SUPPLIED ENTRIES:
◇ ◇ ◇ ◇

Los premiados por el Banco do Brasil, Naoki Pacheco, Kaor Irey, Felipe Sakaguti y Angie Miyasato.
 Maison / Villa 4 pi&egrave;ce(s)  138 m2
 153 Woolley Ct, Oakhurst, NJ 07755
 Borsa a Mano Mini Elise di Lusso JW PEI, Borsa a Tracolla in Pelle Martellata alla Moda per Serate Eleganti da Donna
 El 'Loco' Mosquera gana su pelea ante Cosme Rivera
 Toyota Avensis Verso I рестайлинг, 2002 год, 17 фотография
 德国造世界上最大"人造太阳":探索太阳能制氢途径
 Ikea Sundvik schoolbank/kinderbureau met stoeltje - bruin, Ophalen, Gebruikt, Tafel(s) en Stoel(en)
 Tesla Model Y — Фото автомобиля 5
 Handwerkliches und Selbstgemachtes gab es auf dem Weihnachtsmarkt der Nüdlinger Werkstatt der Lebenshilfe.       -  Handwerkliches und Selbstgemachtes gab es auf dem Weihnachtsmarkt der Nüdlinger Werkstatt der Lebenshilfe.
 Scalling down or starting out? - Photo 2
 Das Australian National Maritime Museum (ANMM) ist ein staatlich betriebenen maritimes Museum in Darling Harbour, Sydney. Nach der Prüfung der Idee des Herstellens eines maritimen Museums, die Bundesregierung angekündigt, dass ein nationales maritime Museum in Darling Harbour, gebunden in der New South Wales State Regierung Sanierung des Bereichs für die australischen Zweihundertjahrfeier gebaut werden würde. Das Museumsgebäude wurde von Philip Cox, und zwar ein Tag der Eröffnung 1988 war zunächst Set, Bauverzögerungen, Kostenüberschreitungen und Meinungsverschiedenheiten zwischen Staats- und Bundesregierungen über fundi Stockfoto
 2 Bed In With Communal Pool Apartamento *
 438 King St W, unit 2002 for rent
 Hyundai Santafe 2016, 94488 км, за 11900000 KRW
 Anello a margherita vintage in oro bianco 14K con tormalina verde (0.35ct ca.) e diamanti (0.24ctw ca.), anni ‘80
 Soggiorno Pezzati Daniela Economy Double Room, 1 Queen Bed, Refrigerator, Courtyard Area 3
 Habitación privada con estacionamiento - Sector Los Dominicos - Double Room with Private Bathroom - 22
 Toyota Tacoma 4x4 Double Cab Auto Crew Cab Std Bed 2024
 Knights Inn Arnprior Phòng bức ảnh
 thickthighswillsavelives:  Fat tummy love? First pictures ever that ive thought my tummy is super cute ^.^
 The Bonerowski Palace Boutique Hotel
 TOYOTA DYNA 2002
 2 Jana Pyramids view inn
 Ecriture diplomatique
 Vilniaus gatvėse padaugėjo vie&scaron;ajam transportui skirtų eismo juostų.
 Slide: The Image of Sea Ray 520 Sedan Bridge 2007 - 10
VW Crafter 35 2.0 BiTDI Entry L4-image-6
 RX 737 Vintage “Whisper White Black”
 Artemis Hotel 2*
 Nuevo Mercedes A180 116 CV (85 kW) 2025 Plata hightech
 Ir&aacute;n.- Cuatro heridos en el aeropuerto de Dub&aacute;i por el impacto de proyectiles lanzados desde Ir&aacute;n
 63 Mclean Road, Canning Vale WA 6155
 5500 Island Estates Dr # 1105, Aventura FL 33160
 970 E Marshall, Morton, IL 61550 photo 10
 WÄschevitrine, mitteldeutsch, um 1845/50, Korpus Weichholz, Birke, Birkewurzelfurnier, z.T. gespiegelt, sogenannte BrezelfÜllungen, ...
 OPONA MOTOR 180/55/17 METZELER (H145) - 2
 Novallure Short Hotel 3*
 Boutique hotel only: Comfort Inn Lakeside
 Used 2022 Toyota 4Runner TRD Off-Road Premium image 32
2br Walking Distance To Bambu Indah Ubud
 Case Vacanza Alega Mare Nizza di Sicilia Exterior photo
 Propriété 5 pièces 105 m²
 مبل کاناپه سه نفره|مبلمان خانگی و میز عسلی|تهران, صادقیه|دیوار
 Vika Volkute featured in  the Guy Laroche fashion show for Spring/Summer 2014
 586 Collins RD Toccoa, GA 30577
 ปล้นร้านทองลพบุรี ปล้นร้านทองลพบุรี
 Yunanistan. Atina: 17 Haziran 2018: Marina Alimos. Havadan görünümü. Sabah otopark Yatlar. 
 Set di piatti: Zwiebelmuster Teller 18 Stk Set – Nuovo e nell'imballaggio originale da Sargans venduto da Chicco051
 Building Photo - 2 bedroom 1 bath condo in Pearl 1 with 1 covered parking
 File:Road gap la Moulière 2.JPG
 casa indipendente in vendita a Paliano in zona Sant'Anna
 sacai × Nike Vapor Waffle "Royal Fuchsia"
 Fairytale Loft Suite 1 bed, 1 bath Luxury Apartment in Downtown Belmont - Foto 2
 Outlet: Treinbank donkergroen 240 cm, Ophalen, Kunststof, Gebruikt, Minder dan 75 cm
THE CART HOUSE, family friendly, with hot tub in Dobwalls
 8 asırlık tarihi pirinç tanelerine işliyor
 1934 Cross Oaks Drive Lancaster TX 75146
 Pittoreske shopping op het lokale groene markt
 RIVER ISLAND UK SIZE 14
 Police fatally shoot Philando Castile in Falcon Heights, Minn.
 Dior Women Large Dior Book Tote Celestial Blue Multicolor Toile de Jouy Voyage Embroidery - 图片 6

◇ ◇ ◇ ◇

WORK REQUEST: Out of the entries, report each line that contains the word "Ophalen".

THE ANSWER:
 Ikea Sundvik schoolbank/kinderbureau met stoeltje - bruin, Ophalen, Gebruikt, Tafel(s) en Stoel(en)
 Outlet: Treinbank donkergroen 240 cm, Ophalen, Kunststof, Gebruikt, Minder dan 75 cm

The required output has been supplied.